Stabilizing the face is fundamental for tunnelling through unstable grounds, especially so far tunnelling through a sand zone with high water pressure.
The Urasa Tunnel, one of the Joetsu Shinkansen railway (which is under construction from Tokyo to Niigata) tunnels, had encountered face collapses as many as ten times in such a short distance of 20m in advancing the side headings through high water pressured zone of 9 kgf/cm2. The tunnel 6,025m in total length is situated in the southern part of Niigata Prefecture. The area through which the tunnel was driven is very mountainous Comprising mainly tuff of the Tertiary Period which is widely distributed around Niigata Prefecture. The prior geological investigation had indicated that a silt and a sand lay between tuff and mudstone layers (Fig. 1).
All the methods conventionally used in Japan such as deep well, LW grouting (sodium silicate and cement), dewatering boring and pilot tunnel were tried, but Only the grouting using sleeve pipe of retarded-setting hard silica gel (sodium silicate and triacetin) and shield tunneling method were found successful.
This paper deals with application of various methods carried out to stabilize the tunnel face, and the grouting using sleeve pipe of retarded-setting hard silica gel (RSG-3 grouting) and shield tunnelling method which enabled the successful completion of the project, and the observation method to ensure the statisfactory treatment effect by checking density-and moisture loggings by use of radioisotope.
(Figure in full paper)
The first method to stabilize the tunnel face was dewatering boring. The most troublesome problem was how to drill. Muddy water including silt came out whenever the drill penetrated into the ground. So it was difficult to drill the hole of 100m which had been planned in the stage of designing, and many short borings (20- 30m) were repeated instead of digging a few long designed holes (Fig. 2).
(Figure in full paper)
Since the rock around the tunnel was impermeable (10–4cm/sec), it was almost impossible for drilling to lower the ground water table in a short time. The amount of inflow water decreased depending on result of the jamming on a pipe; in case of remarkable jamming the inflow water stopped immediately; in a moderate jamming it stopped in a few days.

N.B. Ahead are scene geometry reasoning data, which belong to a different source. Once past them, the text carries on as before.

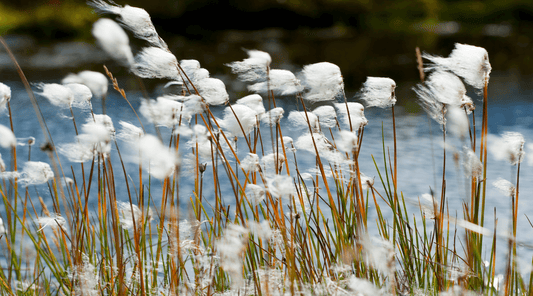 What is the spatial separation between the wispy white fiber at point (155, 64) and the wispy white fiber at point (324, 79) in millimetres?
342

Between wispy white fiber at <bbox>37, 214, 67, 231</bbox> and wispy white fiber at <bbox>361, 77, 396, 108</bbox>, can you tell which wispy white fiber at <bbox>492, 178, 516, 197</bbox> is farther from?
wispy white fiber at <bbox>37, 214, 67, 231</bbox>

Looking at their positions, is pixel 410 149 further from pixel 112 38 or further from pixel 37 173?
pixel 112 38

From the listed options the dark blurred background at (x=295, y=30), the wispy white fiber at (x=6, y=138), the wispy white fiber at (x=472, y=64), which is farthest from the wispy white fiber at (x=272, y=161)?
the dark blurred background at (x=295, y=30)

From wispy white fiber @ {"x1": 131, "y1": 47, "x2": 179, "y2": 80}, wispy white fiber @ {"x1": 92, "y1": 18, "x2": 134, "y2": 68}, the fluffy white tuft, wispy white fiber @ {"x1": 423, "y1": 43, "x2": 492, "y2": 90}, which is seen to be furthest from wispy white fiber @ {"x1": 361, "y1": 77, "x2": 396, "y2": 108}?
the fluffy white tuft

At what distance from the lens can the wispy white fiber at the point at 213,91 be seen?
1.09 metres

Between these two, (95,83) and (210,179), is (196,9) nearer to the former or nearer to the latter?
(210,179)

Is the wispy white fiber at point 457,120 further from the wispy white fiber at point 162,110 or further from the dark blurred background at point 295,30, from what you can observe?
the dark blurred background at point 295,30

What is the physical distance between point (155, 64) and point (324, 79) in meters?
0.43

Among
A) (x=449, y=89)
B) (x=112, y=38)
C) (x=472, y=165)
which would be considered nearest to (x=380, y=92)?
(x=449, y=89)

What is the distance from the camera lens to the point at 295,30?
26219 millimetres

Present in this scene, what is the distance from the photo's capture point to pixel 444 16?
31297 millimetres

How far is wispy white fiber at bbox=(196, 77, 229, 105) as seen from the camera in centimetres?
109

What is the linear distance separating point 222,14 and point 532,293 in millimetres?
27728

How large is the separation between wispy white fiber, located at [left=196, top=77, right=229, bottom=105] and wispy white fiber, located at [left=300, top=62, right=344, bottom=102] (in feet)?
0.72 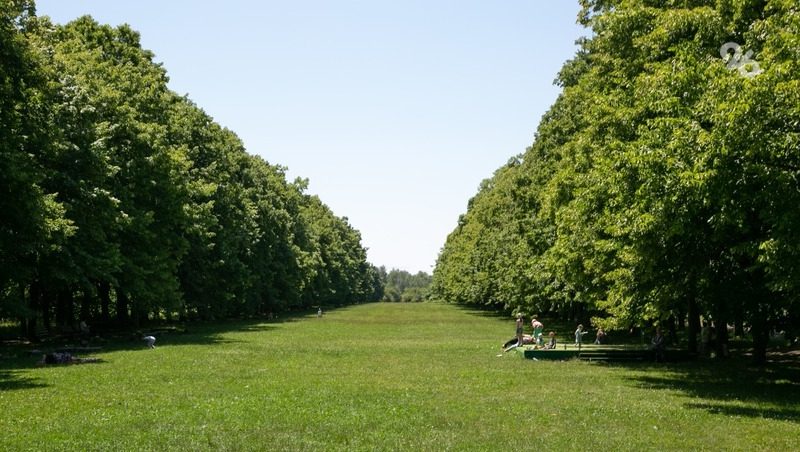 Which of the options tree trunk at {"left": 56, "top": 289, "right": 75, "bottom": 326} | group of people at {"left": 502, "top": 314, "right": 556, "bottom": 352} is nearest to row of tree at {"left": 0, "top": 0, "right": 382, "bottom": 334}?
tree trunk at {"left": 56, "top": 289, "right": 75, "bottom": 326}

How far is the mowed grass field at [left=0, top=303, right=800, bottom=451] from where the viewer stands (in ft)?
48.6

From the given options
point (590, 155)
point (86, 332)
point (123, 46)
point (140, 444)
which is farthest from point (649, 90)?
point (123, 46)

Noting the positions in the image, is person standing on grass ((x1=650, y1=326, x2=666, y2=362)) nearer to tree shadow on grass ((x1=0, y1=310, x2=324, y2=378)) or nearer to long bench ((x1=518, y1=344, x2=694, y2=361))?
long bench ((x1=518, y1=344, x2=694, y2=361))

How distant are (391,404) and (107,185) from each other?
95.4 ft

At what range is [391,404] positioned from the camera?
19.3 metres

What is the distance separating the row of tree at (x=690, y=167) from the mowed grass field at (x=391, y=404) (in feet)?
10.9

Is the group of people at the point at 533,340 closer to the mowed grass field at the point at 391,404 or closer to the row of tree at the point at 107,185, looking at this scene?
the mowed grass field at the point at 391,404

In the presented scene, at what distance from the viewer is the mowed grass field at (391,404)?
14.8 m

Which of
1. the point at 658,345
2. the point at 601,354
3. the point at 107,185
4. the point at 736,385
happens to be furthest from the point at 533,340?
the point at 107,185

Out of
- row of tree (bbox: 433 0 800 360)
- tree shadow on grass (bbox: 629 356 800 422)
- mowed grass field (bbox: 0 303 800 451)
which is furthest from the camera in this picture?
tree shadow on grass (bbox: 629 356 800 422)

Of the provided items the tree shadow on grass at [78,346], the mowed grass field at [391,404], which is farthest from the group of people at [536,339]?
the tree shadow on grass at [78,346]

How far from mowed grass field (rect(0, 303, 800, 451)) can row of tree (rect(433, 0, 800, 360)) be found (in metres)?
3.32

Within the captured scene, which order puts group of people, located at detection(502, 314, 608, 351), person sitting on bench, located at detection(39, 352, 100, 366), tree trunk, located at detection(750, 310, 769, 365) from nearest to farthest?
tree trunk, located at detection(750, 310, 769, 365) < person sitting on bench, located at detection(39, 352, 100, 366) < group of people, located at detection(502, 314, 608, 351)

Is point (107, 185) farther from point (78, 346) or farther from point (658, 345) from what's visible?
point (658, 345) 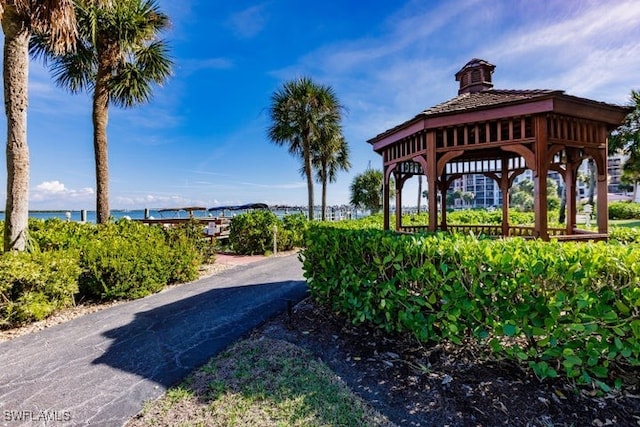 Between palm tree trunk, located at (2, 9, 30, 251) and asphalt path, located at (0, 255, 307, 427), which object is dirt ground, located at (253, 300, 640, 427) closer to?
asphalt path, located at (0, 255, 307, 427)

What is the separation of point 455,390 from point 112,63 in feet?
41.0

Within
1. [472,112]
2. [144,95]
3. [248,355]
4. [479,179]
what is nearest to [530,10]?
[472,112]

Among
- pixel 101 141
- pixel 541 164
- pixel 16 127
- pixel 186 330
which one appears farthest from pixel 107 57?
pixel 541 164

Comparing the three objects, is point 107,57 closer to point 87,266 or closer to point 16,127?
point 16,127

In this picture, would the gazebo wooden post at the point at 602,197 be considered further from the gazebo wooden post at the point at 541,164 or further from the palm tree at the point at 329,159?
the palm tree at the point at 329,159

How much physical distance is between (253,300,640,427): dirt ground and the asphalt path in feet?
4.68

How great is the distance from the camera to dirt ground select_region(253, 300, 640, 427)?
7.85 feet

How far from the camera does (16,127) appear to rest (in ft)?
17.6

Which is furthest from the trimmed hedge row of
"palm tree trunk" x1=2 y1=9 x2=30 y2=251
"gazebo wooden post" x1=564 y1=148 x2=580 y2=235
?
"gazebo wooden post" x1=564 y1=148 x2=580 y2=235

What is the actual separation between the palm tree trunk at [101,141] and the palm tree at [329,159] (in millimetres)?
10622

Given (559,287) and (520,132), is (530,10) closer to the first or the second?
(520,132)

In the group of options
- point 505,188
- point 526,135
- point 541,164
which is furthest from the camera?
point 505,188

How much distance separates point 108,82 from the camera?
31.9ft

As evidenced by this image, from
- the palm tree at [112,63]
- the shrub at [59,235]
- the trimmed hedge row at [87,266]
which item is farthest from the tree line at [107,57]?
the trimmed hedge row at [87,266]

Since the dewatering borings had been found ineffective to stabilize the tunnel face, the grouting was adopted. In the designing stage, the grouting was thought to fill up the collapsed area to reinforce the loosening area and to mobilize arch action around the tunnel. Therefore, in selecting the grouting material, the following factors were considered:
The permeation into the ground.
The strength of the injected rock.
Watertightness.
In the case of injection into the sand, the material of low viscosity and long gel time (permeable grouting material) have been usually used to enable a low pressured injection. But in this tunnel, it was predicted that it was not effective to use the permeable grouting materials due to the high water pressure.